The retailer’s origins go back to the 1960s when founder Dave Gold inherited a small liquor store in downtown Los Angeles. Gold decided to try selling bottles of wine at the fixed price point of 99 cents, and it was a success, according to the company. The first 99 Cents Only store opened in Los Angeles in 1982.
Ares Management and the Canada Pension Plan Investment Board announced in 2011 they would acquire 99 Cents Only in a deal worth $1.6 billion. Signs of financial trouble have smoldered for years. In 2019, 99 Cents Only struck a deal with its creditors and private equity owners to trade out debt for equity in the company.
In late 2021, Moody’s downgraded 99 Cents Only and lowered its outlook for the retailer, citing weaker-than-expected operating performance that constrained liquidity. Reports that the company was considering bankruptcy or liquidation surfaced in recent weeks.
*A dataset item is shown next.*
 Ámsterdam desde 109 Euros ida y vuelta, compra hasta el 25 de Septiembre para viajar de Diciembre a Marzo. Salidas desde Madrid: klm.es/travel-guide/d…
99 Cents Only offers everyday household items, seasonal and party merchandise, closeouts, basic grocery items and fresh produce. Two distribution centers in California and Texas supported the stores. The company did not immediately respond to questions from Retail Dive on how many people it employs or if workers will receive any severance pay or benefits as the wind-down process begins.
High volumes and economies of scale are necessary for success in retail’s value segment, Neil Saunders, managing director of GlobalData, told Retail Dive. Unfortunately, 99 Cents Only had neither since it operated a small mainly West Coast footprint of a few hundred stores compared to rivals like Dollar Tree and Dollar General, which opened its 20,000th store earlier this year. Even Dollar Tree has felt some pain in the sector recently, though, announcing plans for 1,000 store closures in March.
“During the good economic times this wasn’t so much of an issue as growth kept the company moving forward. Growth has now become harder thanks to hard-pressed shoppers cutting back on discretionary goods. 99 Cents Only has also lost a bit of competitiveness as its prices are not as sharp as they once were, which has further deterred customers. Other issues like shrink have also hit the company,” Saunders said in an email.
Shelley Kohan, a professor of retail at Syracuse University's Whitman School of Management, told Retail Dive that in addition to pressure from discount and value segment rivals, “the growth of other discount stores like Walmart, Target and Five Below has pulled market share." Kohan also noted that inflationary pricing and reductions of government programs like the Supplemental Nutrition Assistance Program, have depressed consumer spending.
“It goes to show that even in a rapidly growing segment, failure is possible if the right business model isn't employed and financial discipline isn’t imposed,” Saunders said.